SIR WATKIN WILLIAM WYNN. AKA and see “Ash Grove (The).” Welsh, Scottish; Air (3/8 time). G Major. Standard tuning (fiddle). AABBCC. "A Welch (sic) air” {Gow}. The melody is widely familiar under the title “Ash Grove (The).” "Sir Watkin Williams-Wynn" was the name of at least three successive baronets in Wales, members of a powerful political family. Sir Watkin Williams-Wynn, 3rd Baronet (1692–1749) was a Welsh landowner, Tory politician and prominent Jacobite sympathizer. He died in a hunting accident. Sir Watkin Williams-Wynn, 4th Baronet (1749-1789), was a patron of the arts and a supporter of painters and Concerts of Antient Music in London.

When the Gows Fourth Collection was published in 1800, Sir Watkin Williams-Wynn [1] (1772-1840), 5th Baronet of Wynnstay (near Ruabon, Debingshire), was a north Welsh gentleman and land proprietor who raised a troop of cavalry that saw service in Ireland during the Rising of 1798. The troop, called the Ancient Britons fencible cavalry, “were at all times prominently conspicuous for the rigorous execution of any orders for devastation, destruction, or extermination. They were marked for it by the rebels, and in the course of the rebellion they were cut to pieces almost to a man” (Mitchel & Mac-Georghegan, History of Ireland: From the Treaty of Limerick to the Present, 1869). The regiment was disbanded in April, 1800. He was Member of Parliament twice and appointed Lord Lieutenant of Merionethshire from 1793-1830. In March, 1814, Sir Watkin went to France as Lieutenant-Colonel Commandant of a Provisional Battalion of Militia composed of men from the Denbigh, Derby, Hereford, Westmoreland and 2nd West York Militia. Unfortunately, when they disembarked they found that hostilities had already ceased and Napoleon defeated. Mortified, they reportedly consumed copious amounts of drink.

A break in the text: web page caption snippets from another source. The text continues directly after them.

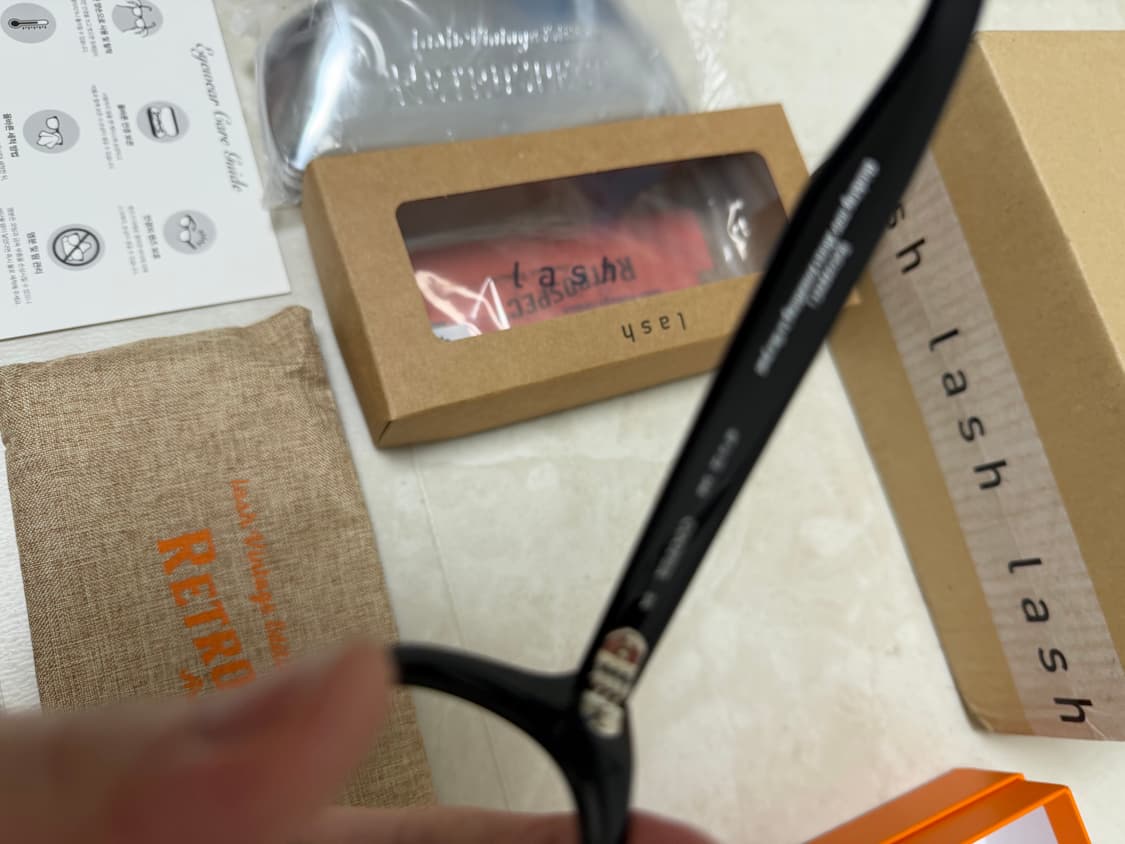 4월8일 구매 래쉬 쿠퍼 새상품 팝니다. 상품이미지6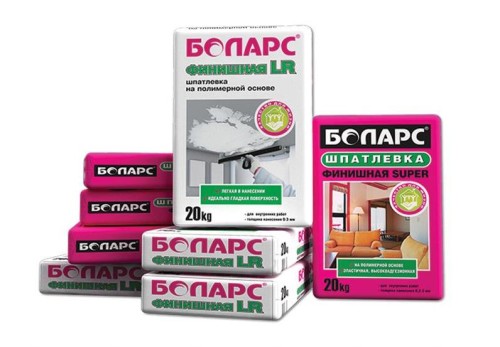 Сухие строительные смеси Боларс 7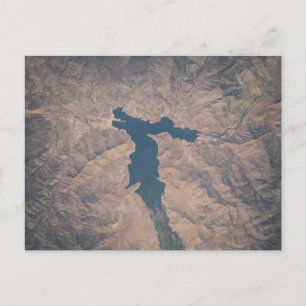 July 4, 2019 - Lake Isabella In California. Postcard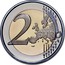 Portugal 2 Euro 150th Anniversary of Portuguese Red Cross 2015 KM# 850 2 EURO LL coin reverse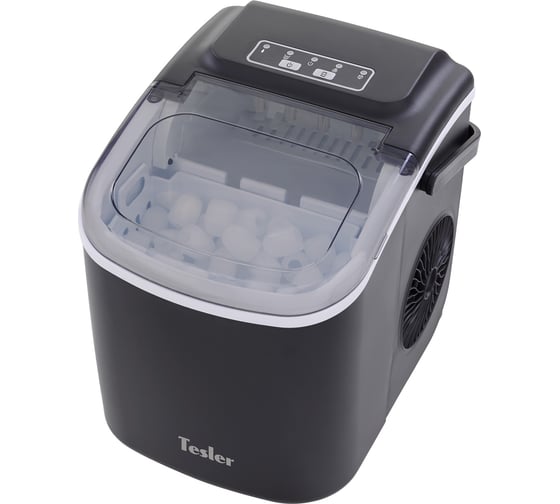 Льдогенератор TESLER ICM-1201 BLACK 00000202766 1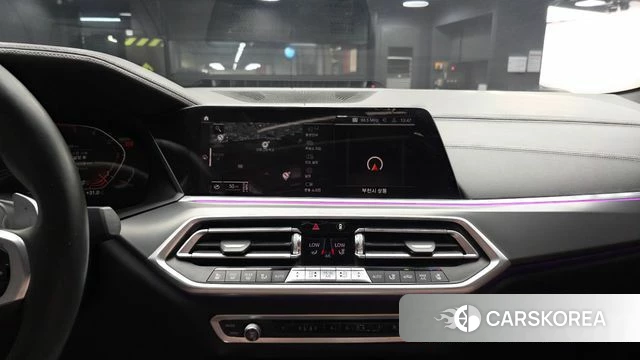 BMW X6 (G06) 2020 Синий из Кореи, фото 5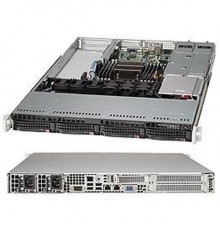 Корпус SuperMicro CSE-815TQ-R700WB Black 1U SC815 WIO W/Redundant  700W                                                                                                                                                                                   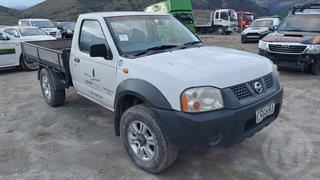 2005 Nissan Navara 3.0 4WD S/C C/S Die Utility Photo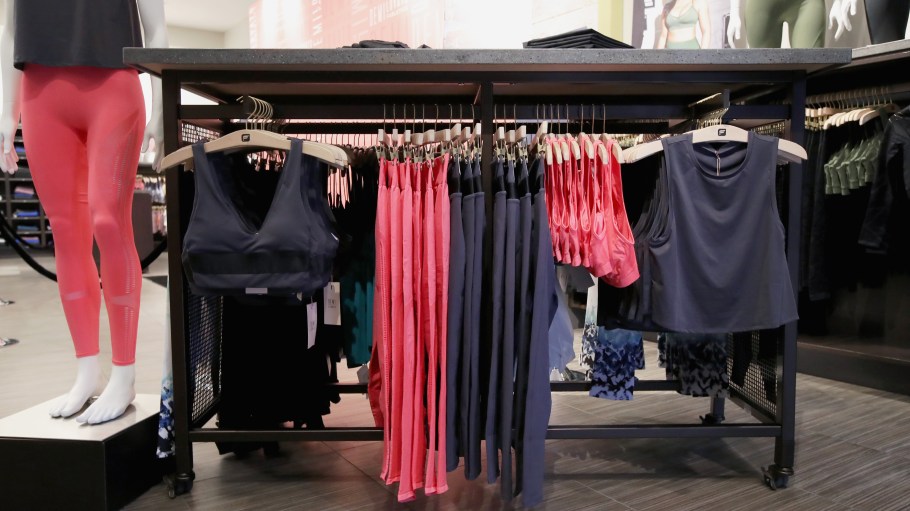 California Fabletics store.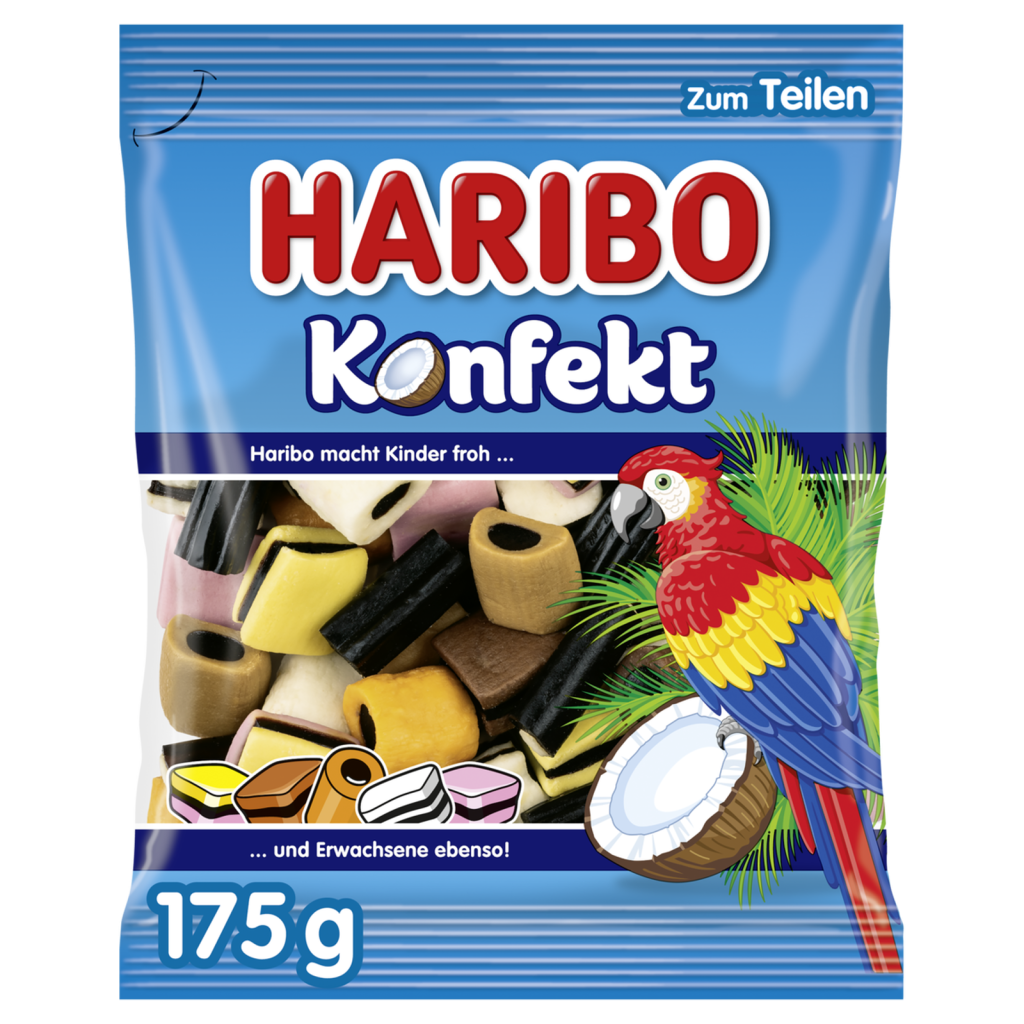 Haribo Konfekt 175g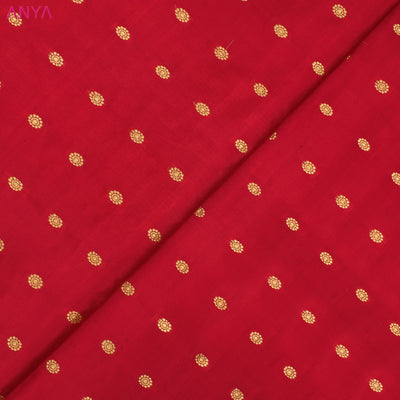 Red Soft Silk Fabric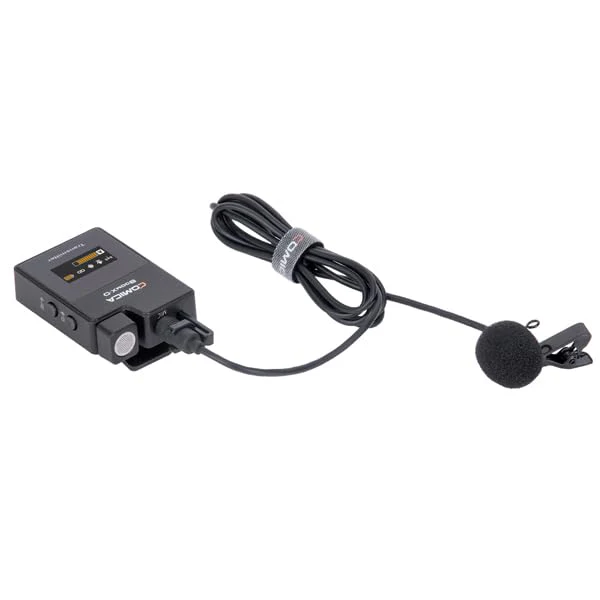 COMICA Wireless Lavalier Microphone, BoomX-D1 2.4G Compact Wireless Lapel Microphone System with 1 Transmitter and 1 Receiver,Lav Mic for Smartphone Camera Podcast Interview YouTube Facebook Live - Image 8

According to Wikipedia, "He grew to be a portly man of seventeen and half stone (238 pounds (108 kg)), which sometimes caused chairs to collapse under him, and Lady Holland, in her Journal (volume I, page 238), commented:

Sir Watkin is a Grenville in person and manner all over him; his tongue is immensely too big for his mouth and his utterance is so impeded by it that what he attempts to articulate is generally unintelligible.

Additional notes

Printed sources : - Carlin (Gow Collection), 1986; No. 558. Gow (Fourth Collection of Niel Gow’s Strathspey Reels), 2nd edition, originally 1800; p. 24 (of both 1st and 2nd editions).